§ Exercise: Set down each line of the records once more, precisely, and omit the pictures.

▬▬▬▬▬▬▬▬▬▬

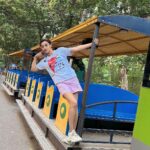 Rati Pandey Instagram – Take on risks and ride the journey called ‘Life’ with no regrets❤️
.
.
.
.
.
#instapicture #ratipandey #tramride #patnazoo #youtubechannel #morningwalks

▬▬▬▬▬▬▬▬▬▬

§ Answer for the task:
 Rati Pandey Instagram – Take on risks and ride the journey called ‘Life’ with no regrets❤️
.
.
.
.
.
#instapicture #ratipandey #tramride #patnazoo #youtubechannel #morningwalks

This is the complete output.